**Work instruction:** Repeat the listing exactly. Pictures stay out of your copy.

**Source data:**
════════

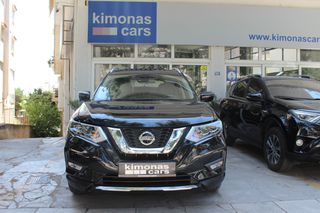 Nissan X-Trail 2020 DDIS AUTO ΔΕΡΜΑ KEYLESS XENON ΘΕΡ.ΚΑΘ NAVI ACC ΠΑΝΟΡΑΜΑ ΣΚΑΛ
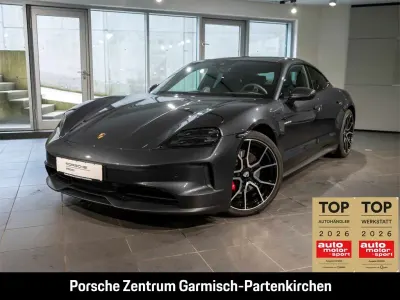 Gebraucht Porsche Taycan 4S 439 kW (598 PS) 2024 Vulkangrau Limousine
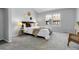 Cozy bedroom featuring a comfortable bed, soft lighting, and tasteful decor, creating a relaxing atmosphere at 12031 E Ford Cir, Aurora, CO 80012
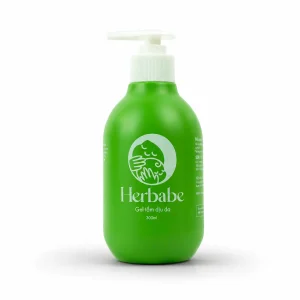 Gel tắm dịu da Herbabe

════════

**Answer area:**
 Nissan X-Trail 2020 DDIS AUTO ΔΕΡΜΑ KEYLESS XENON ΘΕΡ.ΚΑΘ NAVI ACC ΠΑΝΟΡΑΜΑ ΣΚΑΛ
 Gebraucht Porsche Taycan 4S 439 kW (598 PS) 2024 Vulkangrau Limousine
 Cozy bedroom featuring a comfortable bed, soft lighting, and tasteful decor, creating a relaxing atmosphere at 12031 E Ford Cir, Aurora, CO 80012
 Gel tắm dịu da Herbabe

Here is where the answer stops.